VENI: Variational Encoder for Natural Illumination¶

Conference: CVPR 2026
Paper: CVF Open Access
Project Page: https://paul-pw.github.io/veni
Area: 3D Vision / Inverse Rendering / Natural Illumination Priors
Keywords: Rotation Equivariance, Variational Autoencoder, Spherical Neural Fields, Environment Maps, Vector Neurons

TL;DR¶

VENI establishes a prior for outdoor natural illumination using an \(SO(2)\) rotation-equivariant Variational Autoencoder. It utilizes a novel Vector Neuron Vision Transformer (VN-ViT) as the encoder and adopts the equivariant neural field from RENI++ as the decoder.

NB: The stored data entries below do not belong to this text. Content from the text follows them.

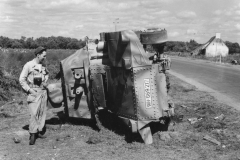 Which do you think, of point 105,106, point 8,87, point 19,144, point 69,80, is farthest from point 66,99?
point 8,87

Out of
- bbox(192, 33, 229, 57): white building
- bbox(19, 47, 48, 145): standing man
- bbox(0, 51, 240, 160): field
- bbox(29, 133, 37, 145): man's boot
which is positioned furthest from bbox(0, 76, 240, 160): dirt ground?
bbox(192, 33, 229, 57): white building

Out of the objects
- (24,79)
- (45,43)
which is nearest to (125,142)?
(24,79)

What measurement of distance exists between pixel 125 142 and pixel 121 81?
1.34 m

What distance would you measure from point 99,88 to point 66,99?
992 mm

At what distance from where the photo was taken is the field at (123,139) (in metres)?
6.23

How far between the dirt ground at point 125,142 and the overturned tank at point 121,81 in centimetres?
44

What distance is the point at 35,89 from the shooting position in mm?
7293

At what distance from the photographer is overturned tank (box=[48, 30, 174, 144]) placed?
6.76 m

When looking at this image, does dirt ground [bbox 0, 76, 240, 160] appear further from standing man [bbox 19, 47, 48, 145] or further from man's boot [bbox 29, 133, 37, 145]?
standing man [bbox 19, 47, 48, 145]

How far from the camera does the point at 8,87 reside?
44.6 feet

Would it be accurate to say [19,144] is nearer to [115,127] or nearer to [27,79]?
[27,79]

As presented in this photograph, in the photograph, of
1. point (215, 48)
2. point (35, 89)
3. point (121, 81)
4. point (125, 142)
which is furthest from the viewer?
point (215, 48)

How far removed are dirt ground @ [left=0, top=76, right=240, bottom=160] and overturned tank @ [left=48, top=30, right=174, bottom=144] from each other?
44 centimetres

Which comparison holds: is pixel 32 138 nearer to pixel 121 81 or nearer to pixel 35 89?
pixel 35 89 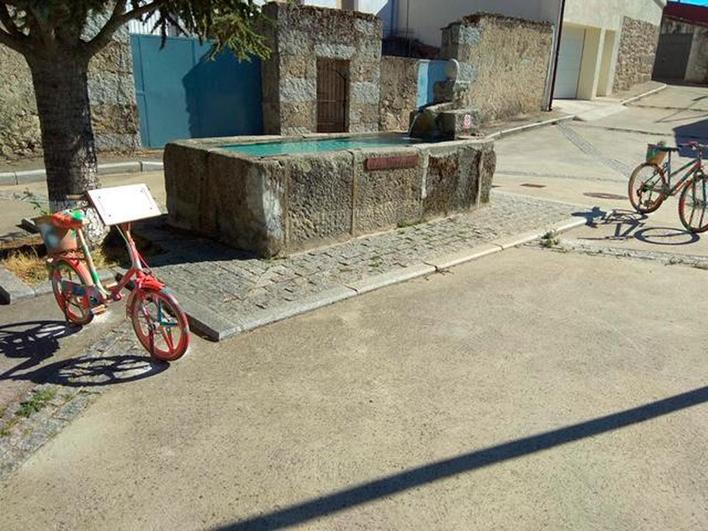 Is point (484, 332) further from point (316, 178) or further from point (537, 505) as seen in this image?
point (316, 178)

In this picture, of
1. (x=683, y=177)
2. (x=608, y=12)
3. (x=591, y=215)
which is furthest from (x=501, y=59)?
(x=683, y=177)

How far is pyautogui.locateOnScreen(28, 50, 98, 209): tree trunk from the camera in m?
5.04

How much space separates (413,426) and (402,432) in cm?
9

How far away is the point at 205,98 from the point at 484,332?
9070mm

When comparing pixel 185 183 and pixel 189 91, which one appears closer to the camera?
pixel 185 183

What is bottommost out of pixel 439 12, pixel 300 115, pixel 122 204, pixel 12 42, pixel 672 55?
pixel 122 204

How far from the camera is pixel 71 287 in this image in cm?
390

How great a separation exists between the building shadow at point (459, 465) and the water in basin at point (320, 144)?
4.04 metres

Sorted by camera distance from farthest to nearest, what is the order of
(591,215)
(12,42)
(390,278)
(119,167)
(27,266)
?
(119,167), (591,215), (390,278), (27,266), (12,42)

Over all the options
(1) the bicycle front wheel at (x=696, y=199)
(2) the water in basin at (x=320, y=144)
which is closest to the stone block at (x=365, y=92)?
(2) the water in basin at (x=320, y=144)

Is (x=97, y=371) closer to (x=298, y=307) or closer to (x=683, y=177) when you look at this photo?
(x=298, y=307)

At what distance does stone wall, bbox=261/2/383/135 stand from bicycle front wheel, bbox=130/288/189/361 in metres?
9.04

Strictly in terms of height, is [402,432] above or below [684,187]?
below

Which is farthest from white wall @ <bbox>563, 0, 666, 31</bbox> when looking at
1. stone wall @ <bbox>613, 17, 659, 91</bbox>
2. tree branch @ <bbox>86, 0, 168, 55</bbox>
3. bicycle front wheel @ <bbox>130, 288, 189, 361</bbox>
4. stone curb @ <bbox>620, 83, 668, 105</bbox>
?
bicycle front wheel @ <bbox>130, 288, 189, 361</bbox> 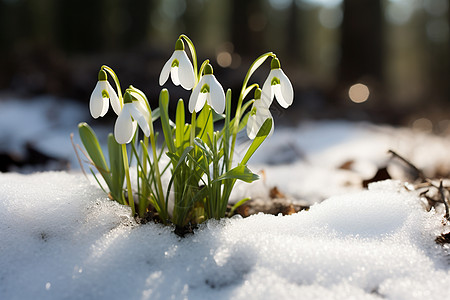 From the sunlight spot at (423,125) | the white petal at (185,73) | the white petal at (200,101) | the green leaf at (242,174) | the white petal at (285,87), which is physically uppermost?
the white petal at (185,73)

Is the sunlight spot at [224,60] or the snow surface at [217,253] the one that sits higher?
the sunlight spot at [224,60]

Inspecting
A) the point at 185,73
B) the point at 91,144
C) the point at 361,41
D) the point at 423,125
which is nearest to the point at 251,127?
the point at 185,73

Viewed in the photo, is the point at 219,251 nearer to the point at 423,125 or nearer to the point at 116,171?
the point at 116,171

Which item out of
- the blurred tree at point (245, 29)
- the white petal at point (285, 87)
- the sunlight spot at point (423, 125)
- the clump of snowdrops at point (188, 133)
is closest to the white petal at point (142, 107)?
the clump of snowdrops at point (188, 133)

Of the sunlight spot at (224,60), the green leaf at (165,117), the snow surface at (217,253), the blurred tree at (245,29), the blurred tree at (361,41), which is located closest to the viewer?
the snow surface at (217,253)

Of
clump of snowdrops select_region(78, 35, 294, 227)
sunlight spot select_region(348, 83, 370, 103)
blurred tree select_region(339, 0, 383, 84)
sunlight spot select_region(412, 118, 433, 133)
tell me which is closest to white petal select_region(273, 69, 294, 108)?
clump of snowdrops select_region(78, 35, 294, 227)

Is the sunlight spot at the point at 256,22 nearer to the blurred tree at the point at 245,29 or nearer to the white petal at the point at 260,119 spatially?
the blurred tree at the point at 245,29

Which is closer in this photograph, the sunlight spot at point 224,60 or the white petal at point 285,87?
the white petal at point 285,87

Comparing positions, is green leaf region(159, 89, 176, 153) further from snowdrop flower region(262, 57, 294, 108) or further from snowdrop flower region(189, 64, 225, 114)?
snowdrop flower region(262, 57, 294, 108) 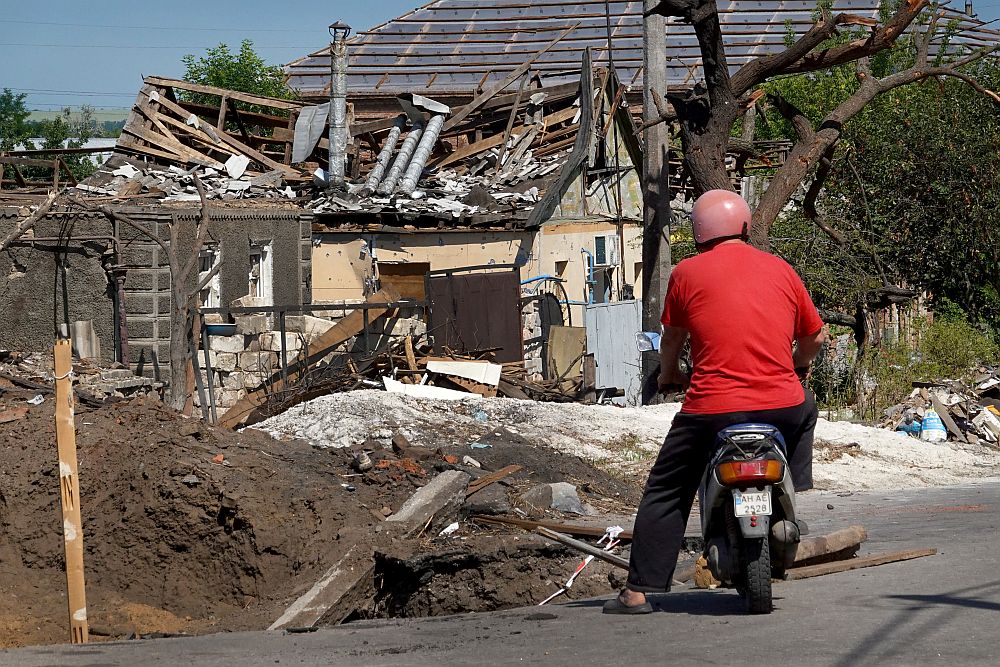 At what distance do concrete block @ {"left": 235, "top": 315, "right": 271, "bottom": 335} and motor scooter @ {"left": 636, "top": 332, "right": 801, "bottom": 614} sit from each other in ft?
48.3

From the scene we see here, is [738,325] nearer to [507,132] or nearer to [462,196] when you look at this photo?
[462,196]

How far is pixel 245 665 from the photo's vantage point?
4.53 metres

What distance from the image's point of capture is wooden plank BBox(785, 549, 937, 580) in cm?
589

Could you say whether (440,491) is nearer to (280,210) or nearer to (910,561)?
(910,561)

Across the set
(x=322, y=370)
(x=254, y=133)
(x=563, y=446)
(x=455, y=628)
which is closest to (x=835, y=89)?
(x=254, y=133)

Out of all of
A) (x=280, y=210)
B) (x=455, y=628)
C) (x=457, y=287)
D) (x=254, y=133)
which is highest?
(x=254, y=133)

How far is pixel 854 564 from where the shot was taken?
240 inches

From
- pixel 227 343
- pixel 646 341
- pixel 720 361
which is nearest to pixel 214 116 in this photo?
pixel 227 343

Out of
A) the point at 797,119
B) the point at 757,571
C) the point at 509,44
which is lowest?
the point at 757,571

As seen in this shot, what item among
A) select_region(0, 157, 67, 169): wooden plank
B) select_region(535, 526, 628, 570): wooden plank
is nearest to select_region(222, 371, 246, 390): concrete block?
select_region(0, 157, 67, 169): wooden plank

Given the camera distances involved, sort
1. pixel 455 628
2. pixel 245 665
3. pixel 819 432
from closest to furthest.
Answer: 1. pixel 245 665
2. pixel 455 628
3. pixel 819 432

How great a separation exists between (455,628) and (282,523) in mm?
3337

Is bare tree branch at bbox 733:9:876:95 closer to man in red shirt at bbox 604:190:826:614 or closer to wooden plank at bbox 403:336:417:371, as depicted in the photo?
wooden plank at bbox 403:336:417:371

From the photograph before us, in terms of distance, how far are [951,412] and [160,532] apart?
10.7 metres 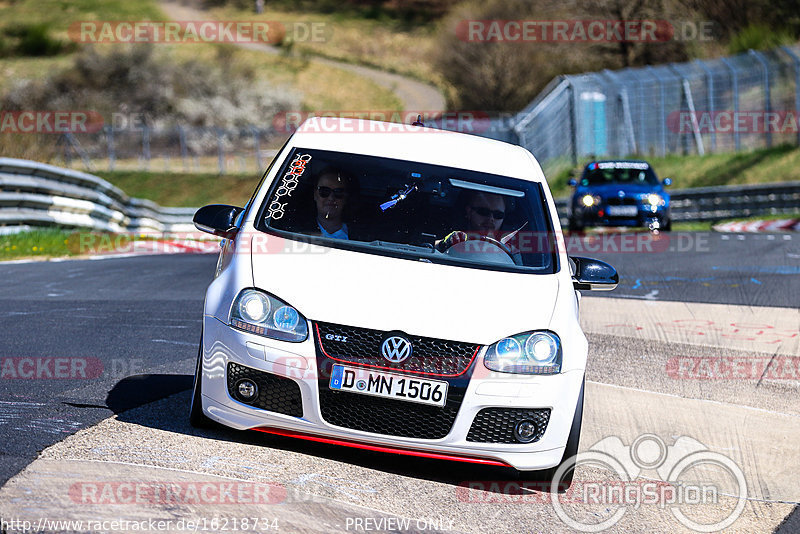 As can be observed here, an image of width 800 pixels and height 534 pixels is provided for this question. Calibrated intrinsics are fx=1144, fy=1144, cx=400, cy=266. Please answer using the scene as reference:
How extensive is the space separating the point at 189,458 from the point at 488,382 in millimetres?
1345

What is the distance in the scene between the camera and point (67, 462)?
473 cm

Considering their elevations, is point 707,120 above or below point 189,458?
below

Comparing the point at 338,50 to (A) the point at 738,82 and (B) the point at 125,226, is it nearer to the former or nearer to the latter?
(A) the point at 738,82

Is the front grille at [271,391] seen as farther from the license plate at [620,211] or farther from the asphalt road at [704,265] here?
the license plate at [620,211]

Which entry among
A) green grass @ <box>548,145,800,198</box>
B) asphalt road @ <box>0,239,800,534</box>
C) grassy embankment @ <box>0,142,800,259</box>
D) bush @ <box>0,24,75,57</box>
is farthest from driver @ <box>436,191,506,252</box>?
bush @ <box>0,24,75,57</box>

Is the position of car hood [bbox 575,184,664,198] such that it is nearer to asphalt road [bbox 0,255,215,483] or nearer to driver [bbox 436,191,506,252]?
asphalt road [bbox 0,255,215,483]

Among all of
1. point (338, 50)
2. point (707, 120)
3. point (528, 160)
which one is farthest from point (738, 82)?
point (338, 50)

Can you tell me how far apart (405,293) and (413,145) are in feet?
4.90

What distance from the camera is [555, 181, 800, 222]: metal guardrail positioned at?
26.2 meters

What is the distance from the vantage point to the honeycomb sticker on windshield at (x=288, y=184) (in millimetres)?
6027

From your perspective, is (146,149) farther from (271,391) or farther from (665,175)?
(271,391)

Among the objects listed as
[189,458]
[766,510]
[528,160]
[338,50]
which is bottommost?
[338,50]

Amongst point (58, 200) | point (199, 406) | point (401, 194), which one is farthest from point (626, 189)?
point (199, 406)

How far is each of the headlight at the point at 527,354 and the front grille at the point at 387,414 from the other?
0.24m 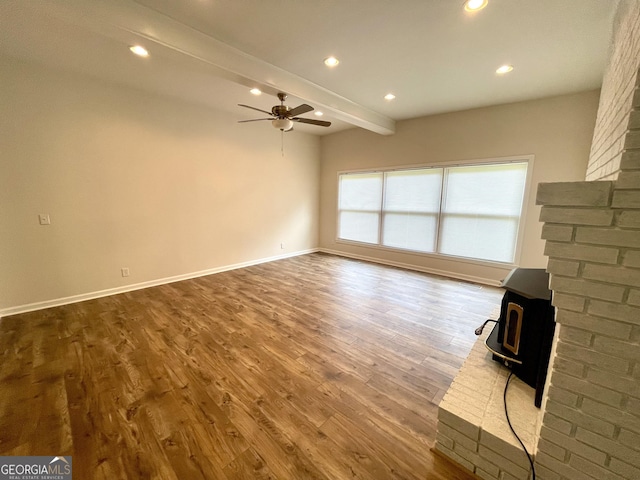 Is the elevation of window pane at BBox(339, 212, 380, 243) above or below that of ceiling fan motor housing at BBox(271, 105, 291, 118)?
below

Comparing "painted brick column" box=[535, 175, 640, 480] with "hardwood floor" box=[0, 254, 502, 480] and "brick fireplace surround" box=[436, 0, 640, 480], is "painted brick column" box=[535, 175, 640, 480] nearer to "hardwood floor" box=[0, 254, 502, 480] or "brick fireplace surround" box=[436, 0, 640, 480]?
"brick fireplace surround" box=[436, 0, 640, 480]

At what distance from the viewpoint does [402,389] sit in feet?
5.98

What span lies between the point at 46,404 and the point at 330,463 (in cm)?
196

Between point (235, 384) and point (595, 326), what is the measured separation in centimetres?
209

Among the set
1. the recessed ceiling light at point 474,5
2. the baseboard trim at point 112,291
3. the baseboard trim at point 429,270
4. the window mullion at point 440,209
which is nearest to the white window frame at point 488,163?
the window mullion at point 440,209

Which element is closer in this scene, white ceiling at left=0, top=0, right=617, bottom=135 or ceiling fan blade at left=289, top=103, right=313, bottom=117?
white ceiling at left=0, top=0, right=617, bottom=135

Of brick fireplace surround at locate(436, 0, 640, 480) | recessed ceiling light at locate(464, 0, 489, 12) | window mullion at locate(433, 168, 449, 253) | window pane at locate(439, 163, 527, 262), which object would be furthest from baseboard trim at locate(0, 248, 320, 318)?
recessed ceiling light at locate(464, 0, 489, 12)

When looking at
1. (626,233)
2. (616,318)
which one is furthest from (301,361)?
(626,233)

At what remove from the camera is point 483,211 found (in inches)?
163

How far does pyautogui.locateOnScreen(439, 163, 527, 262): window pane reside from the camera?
3.87 metres

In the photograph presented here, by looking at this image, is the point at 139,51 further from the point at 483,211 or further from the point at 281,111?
the point at 483,211

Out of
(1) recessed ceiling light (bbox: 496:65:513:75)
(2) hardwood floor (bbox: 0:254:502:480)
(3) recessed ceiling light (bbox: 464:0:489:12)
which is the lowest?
(2) hardwood floor (bbox: 0:254:502:480)

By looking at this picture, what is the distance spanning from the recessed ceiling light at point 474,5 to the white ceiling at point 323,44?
0.05 m

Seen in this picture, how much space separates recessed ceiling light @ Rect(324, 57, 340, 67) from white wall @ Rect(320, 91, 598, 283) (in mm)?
2476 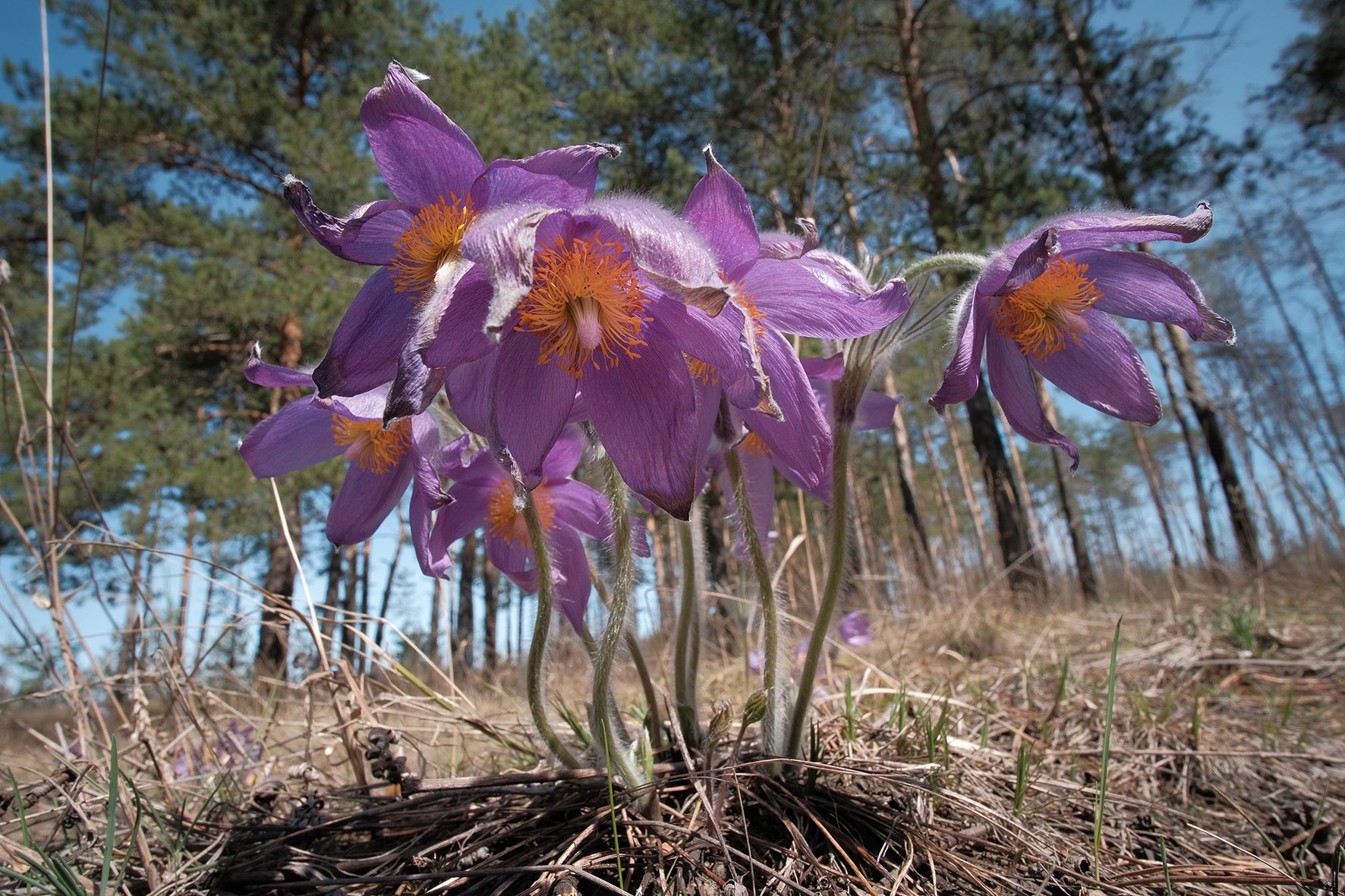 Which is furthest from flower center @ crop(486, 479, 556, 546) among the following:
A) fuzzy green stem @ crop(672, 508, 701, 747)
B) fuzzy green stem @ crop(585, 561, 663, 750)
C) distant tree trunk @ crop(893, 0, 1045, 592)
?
distant tree trunk @ crop(893, 0, 1045, 592)

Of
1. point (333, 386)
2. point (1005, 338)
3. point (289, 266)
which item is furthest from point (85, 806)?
point (289, 266)

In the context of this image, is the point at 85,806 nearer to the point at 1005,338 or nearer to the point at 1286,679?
the point at 1005,338

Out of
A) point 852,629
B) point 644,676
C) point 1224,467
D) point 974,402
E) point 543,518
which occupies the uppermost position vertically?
point 974,402

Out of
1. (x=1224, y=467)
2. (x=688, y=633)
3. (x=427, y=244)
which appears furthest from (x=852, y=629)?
(x=1224, y=467)

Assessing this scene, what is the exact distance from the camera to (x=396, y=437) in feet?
3.52

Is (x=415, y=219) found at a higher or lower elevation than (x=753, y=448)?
higher

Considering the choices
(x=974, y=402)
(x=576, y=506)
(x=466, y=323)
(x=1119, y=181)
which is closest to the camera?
(x=466, y=323)

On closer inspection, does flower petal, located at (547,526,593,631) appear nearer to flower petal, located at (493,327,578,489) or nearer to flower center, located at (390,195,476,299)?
flower petal, located at (493,327,578,489)

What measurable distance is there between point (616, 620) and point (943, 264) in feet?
2.17

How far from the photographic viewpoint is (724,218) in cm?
82

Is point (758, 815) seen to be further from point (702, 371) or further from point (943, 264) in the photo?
point (943, 264)

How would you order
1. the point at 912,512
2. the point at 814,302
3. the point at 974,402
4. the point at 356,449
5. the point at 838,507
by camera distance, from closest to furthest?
the point at 814,302 → the point at 838,507 → the point at 356,449 → the point at 974,402 → the point at 912,512

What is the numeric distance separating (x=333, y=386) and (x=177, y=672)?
3.67 feet

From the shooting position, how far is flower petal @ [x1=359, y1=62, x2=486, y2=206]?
84 cm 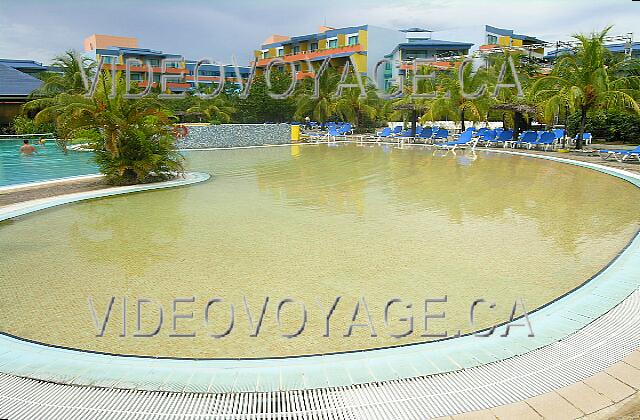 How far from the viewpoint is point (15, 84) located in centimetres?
2975

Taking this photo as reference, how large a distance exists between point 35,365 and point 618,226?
7182 mm

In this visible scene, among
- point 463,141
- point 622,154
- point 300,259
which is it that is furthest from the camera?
point 463,141

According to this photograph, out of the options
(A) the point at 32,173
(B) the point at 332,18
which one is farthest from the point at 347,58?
(A) the point at 32,173

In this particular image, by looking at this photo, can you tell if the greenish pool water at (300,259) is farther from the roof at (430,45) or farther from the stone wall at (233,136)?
the roof at (430,45)

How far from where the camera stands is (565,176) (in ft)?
40.6

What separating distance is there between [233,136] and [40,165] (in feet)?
30.4

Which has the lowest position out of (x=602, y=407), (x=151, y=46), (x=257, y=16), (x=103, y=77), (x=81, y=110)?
(x=602, y=407)

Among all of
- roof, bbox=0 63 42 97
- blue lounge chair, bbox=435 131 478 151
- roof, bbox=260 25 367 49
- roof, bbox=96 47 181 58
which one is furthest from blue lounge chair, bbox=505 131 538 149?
roof, bbox=96 47 181 58

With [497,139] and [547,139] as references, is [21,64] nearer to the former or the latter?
[497,139]

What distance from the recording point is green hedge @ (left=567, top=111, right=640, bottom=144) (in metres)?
22.2

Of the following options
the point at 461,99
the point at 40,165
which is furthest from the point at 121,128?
the point at 461,99

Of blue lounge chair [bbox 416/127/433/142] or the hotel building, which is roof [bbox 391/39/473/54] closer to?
the hotel building

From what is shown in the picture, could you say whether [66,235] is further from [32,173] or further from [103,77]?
[32,173]

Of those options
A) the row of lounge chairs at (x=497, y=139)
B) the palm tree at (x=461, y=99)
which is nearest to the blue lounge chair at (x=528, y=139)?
the row of lounge chairs at (x=497, y=139)
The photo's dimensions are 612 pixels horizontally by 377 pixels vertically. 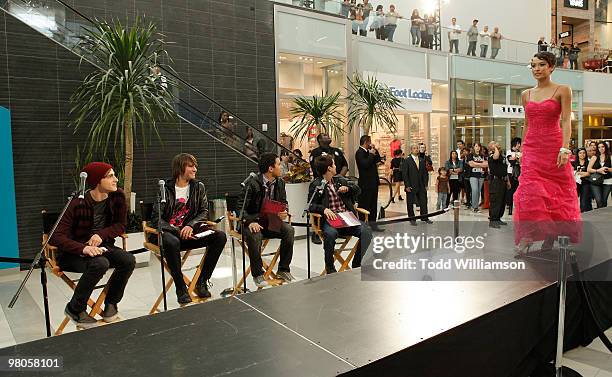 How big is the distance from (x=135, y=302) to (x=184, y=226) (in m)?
0.81

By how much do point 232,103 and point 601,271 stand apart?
6.56m

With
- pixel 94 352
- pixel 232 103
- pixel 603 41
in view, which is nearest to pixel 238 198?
pixel 94 352

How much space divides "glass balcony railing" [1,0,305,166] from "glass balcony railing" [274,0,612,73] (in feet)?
10.6

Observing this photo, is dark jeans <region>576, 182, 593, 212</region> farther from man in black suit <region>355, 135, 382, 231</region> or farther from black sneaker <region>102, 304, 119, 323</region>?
black sneaker <region>102, 304, 119, 323</region>

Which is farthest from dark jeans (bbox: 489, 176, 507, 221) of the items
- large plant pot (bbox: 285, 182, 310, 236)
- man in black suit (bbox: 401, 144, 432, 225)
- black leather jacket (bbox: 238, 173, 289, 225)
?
black leather jacket (bbox: 238, 173, 289, 225)

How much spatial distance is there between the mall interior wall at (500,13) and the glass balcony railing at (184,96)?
8869 mm

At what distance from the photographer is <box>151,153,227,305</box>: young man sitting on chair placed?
139 inches

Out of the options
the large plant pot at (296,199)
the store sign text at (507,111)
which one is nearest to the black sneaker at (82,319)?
the large plant pot at (296,199)

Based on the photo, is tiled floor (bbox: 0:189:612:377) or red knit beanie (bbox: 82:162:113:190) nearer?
tiled floor (bbox: 0:189:612:377)

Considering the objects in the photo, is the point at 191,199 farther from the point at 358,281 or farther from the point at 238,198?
the point at 358,281

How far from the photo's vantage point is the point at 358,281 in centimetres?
284

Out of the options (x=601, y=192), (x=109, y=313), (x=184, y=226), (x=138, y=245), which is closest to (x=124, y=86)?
(x=138, y=245)

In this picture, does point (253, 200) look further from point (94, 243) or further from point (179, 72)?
point (179, 72)

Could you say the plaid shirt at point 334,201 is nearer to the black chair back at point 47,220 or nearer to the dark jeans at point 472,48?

By directly encoding spherical environment maps into a well-structured, unique latent space, VENI achieves smoother interpolation than the decoder-only RENI++, scales to large datasets, and enhances performance in downstream tasks such as inverse rendering.

Background & Motivation¶

Background: Inverse rendering (estimating shape, material, and lighting from a single image) is inherently ill-posed, as infinitely many combinations of "shape + material + lighting" can generate the same image. To constrain the solution space, lighting priors are commonly introduced. Although complex, natural outdoor illumination exhibits strong statistical regularities—the primary light sources are the sun and sky, the color range is limited, and there is a clear "up" direction, where any rotation around the vertical axis is equally plausible. Recent works use spherical neural fields (RENI, RENI++) to model lighting as a continuous representation queryable from any direction, leveraging the physical property of "up-axis rotation equivariance."

Limitations of Prior Work: The current state-of-the-art lighting prior, RENI++, adopts an autodecoder (decoder-only) architecture. The latent code for each training/test image is randomly initialized and jointly optimized with the model. This leads to two major drawbacks: First, the latent space is non-unique, as two similar images could be mapped to completely different latent codes. Second, it cannot scale to large datasets, as optimizing a separate latent code for every image becomes problematic. As the number of similar images increases, the uniqueness degrades, causing performance to drop with larger data volumes (see Table 3).

Key Challenge: The goal is to retain the advantages of "rotation equivariance + continuous neural field representation," but an equivariant encoder is difficult to construct. The lack of an equivariant encoder led RENI++ to use a decoder-only setup. Thus, there is a conflict between "equivariance" and a "well-structured, forward-encodable latent space."

Goal: To design an architecture that maintains up-axis rotation equivariance while being able to encode an image into a latent code in a single forward pass, ensuring that similar images naturally map to similar latent codes, thereby making the latent space unique, scalable, and smoothly interpolatable.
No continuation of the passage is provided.